-- TASK STATEMENT --
The result should be an exact copy of every record, with no pictures kept.

---------- PROVIDED RECORDS ----------

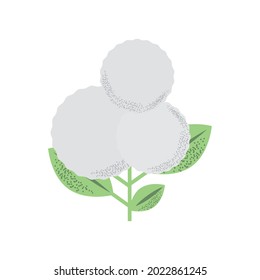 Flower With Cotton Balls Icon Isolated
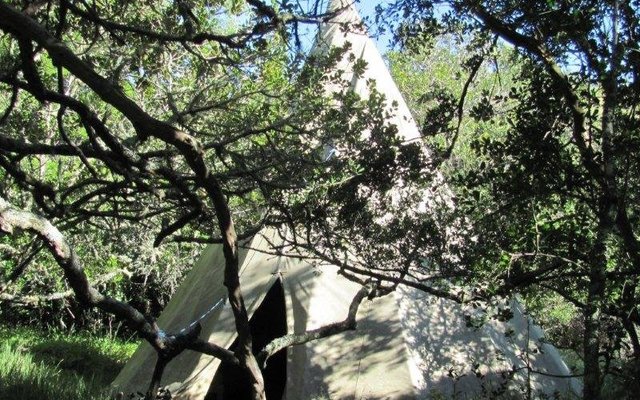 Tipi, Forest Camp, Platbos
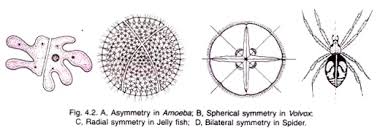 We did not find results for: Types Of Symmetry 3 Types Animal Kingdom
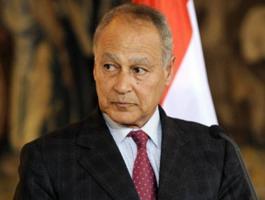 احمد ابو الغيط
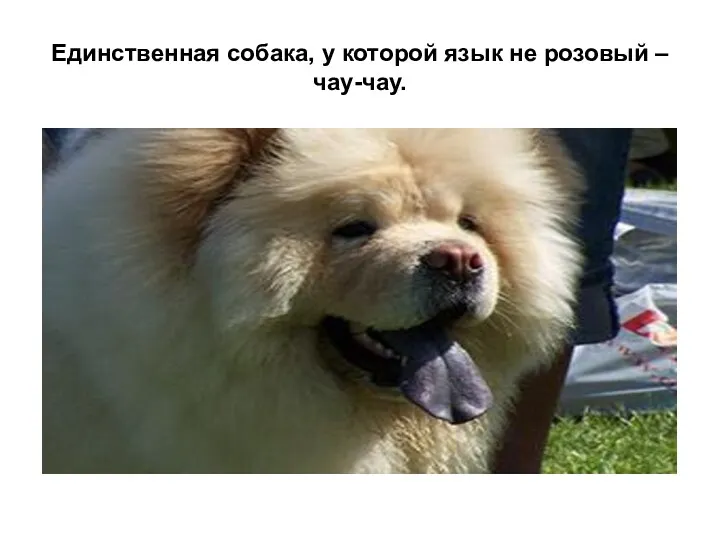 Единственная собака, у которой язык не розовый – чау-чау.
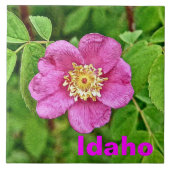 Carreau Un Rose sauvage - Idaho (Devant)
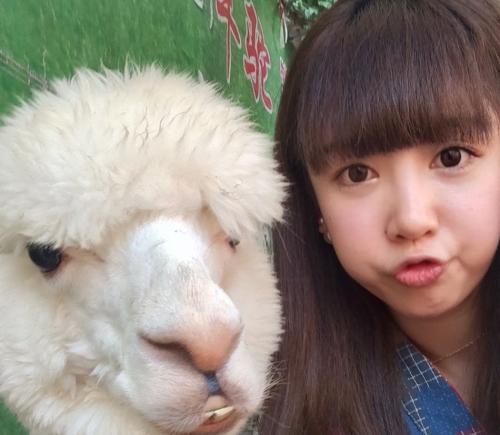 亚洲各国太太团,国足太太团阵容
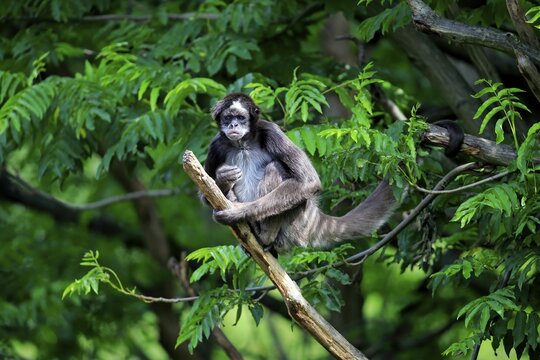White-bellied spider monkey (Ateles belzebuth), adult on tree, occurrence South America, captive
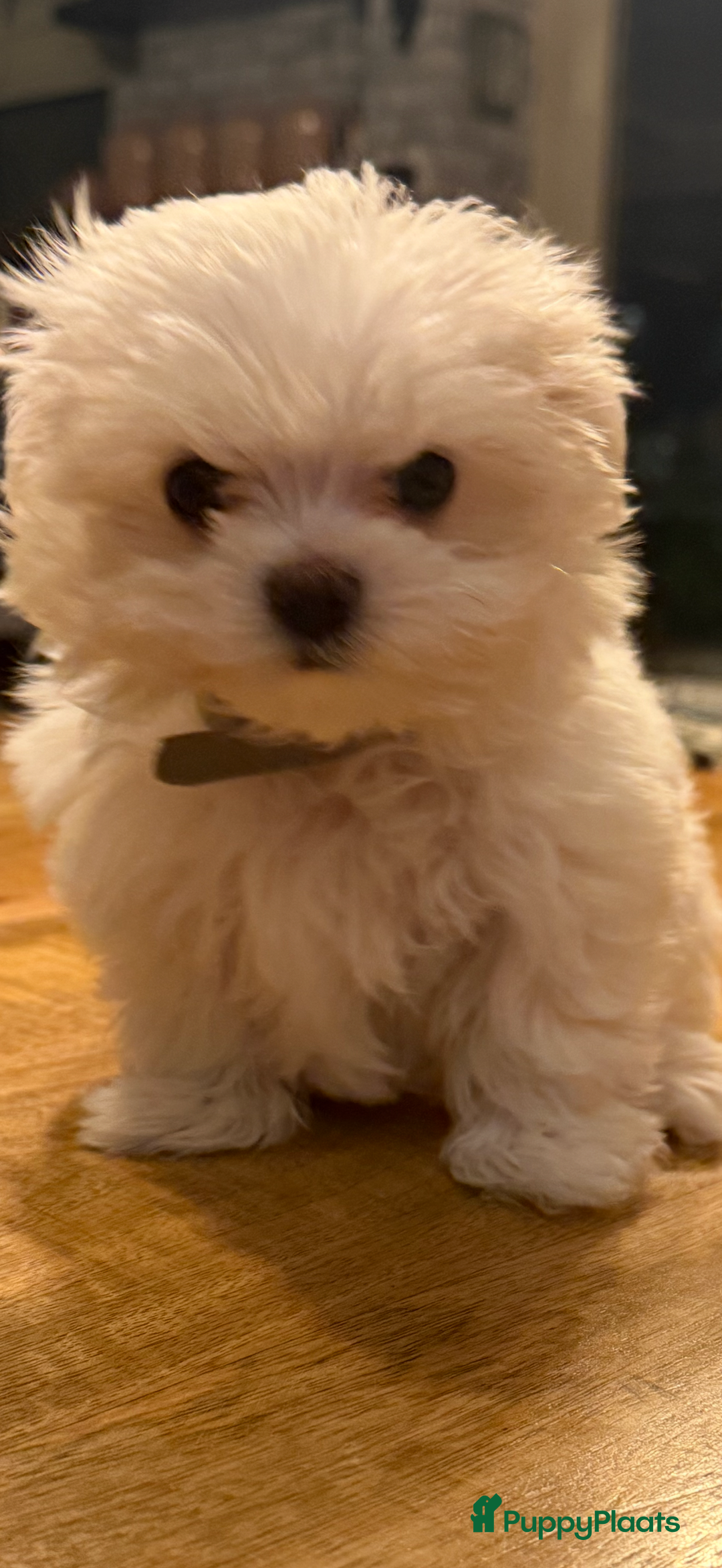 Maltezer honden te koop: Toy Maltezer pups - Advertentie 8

----------

-- OUTPUT FOR THIS TASK --
 Flower With Cotton Balls Icon Isolated
 Tipi, Forest Camp, Platbos
 We did not find results for: Types Of Symmetry 3 Types Animal Kingdom
 احمد ابو الغيط
 Единственная собака, у которой язык не розовый – чау-чау.
 Carreau Un Rose sauvage - Idaho (Devant)
 亚洲各国太太团,国足太太团阵容
White-bellied spider monkey (Ateles belzebuth), adult on tree, occurrence South America, captive
 Maltezer honden te koop: Toy Maltezer pups - Advertentie 8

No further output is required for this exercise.